XII. Когда я хотел ему ответить и дать достойную такого высокомерия отповедь, он не позволил; но словно для унижения добавил: «Вы не римляне, но лангобарды!». Он собирался и дальше говорить [в том же духе] и махнул мне рукой в знак молчания, но я, возмущённый, сказал: «Летопись 39 повествует, что Ромул, братоубийца, от кого и получили римляне своё имя, был порниогенитом, то есть рождённым от разврата; он-то и построил себе убежище, куда стал принимать неисправимых должников, беглых рабов, убийц, которые за свои проступки заслуживали смерти, и множество им подобных, и назвал их римлянами; от такого-то благородства и ведут свой род те, кого вы называете космократорами, то есть императорами. Мы же, то есть лангобарды, саксы, франки, лотарингцы, бавары, швабы и бургундцы, настолько их презираем, что в гневе зовём наших врагов не иначе, как «римляне». Одним этим именем, то есть именем «римляне», мы обозначаем всякую низость, трусость, алчность, изнеженность, лживость, словом, любой из пороков. Но, так как ты говоришь, что мы невоинственны и не умеем ездить верхом, то если грехи христиан заслуживают того, чтобы ты упорствовал в своём жестокосердии, ближайшие битвы покажут, чего стоите вы и насколько воинственны мы».

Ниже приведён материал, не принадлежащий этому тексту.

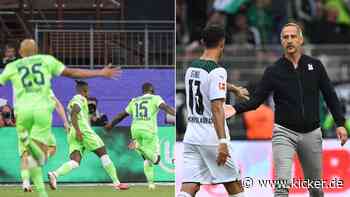 LIVE! VfB erwartet Freiburg - Augsburg hofft aufs erste Tor - kicker - kicker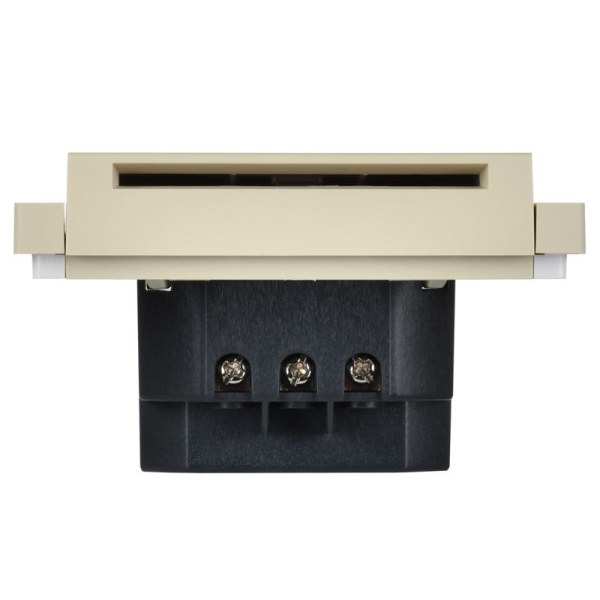 Выключатель карточный FORTE&PIANO 30А FP443 ваниль IEK FP-V11-0-10-1-K10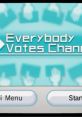 Sound Effects - Everybody Votes Channel - Miscellaneous (Wii)
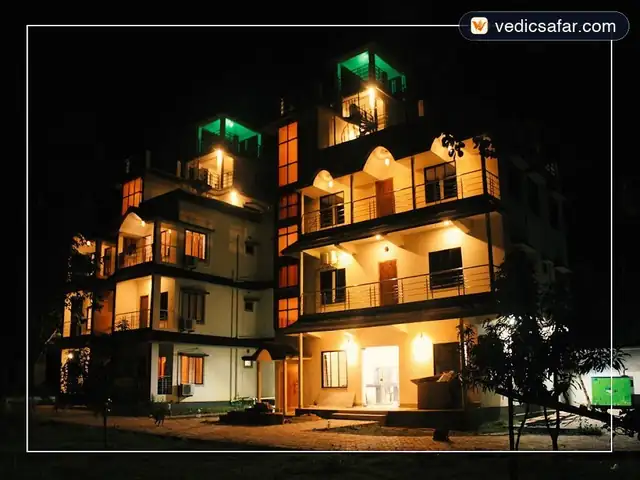 Hotel Baranti Village Resort Baranti
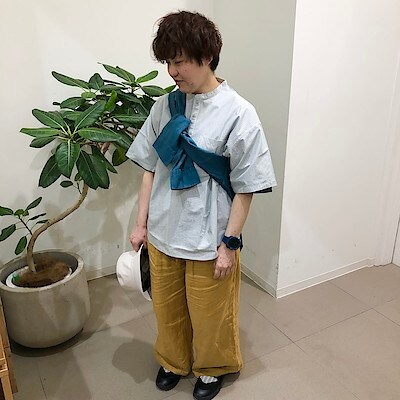 【イオンモール名古屋茶屋】身長158㎝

XIII. Никифор, разгневанный этими словами, движением руки водворил тишину, велел унести длинный и узкий стол, а мне – вернуться в ненавистный дом, или правильнее сказать, в тюрьму. Там, через 2 дня, я тяжело заболел как от негодования, так и от зноя и жажды. Но и среди моих спутников не было никого, кто не испил бы из этой чаши и не боялся бы, что вот-вот придёт его последний день. Как же им было не заболеть, когда питьём их вместо хорошего вина была солёная вода, ложем – не сено, не солома и даже не земля, но жёсткий мрамор, а подушкой – камень? Когда открытое помещение не ограждало их ни от жары, ни от дождя, ни от холода? Сама богиня здоровья 40, излившись на них, если бы захотела, как говорят в народе, спасти бы их не смогла 41. Итак, страдая как лично, так и за своих людей, я призвал к себе стража, скорее своего гонителя, и не столько просьбами, сколько подарками 42, уговорил его отнести брату императора моё письмо следующего содержания:

XIV. «Епископ Лиутпранд куропалату и логофету дрома Льву. Если славнейший император собирается исполнить ту просьбу, ради которой я прибыл, меня не утомят те муки, которые я здесь терплю; но пусть моему господину станет ясно через письма мои и посланника, что я не намерен оставаться здесь без дела. Если же он иначе понимает это дело, то здесь стоит венецианское торговое судно, готовое к отплытию. Пусть разрешит он мне, больному, взойти на него, чтобы, если придёт время моей смерти, то хотя бы тело моё достигло родной земли».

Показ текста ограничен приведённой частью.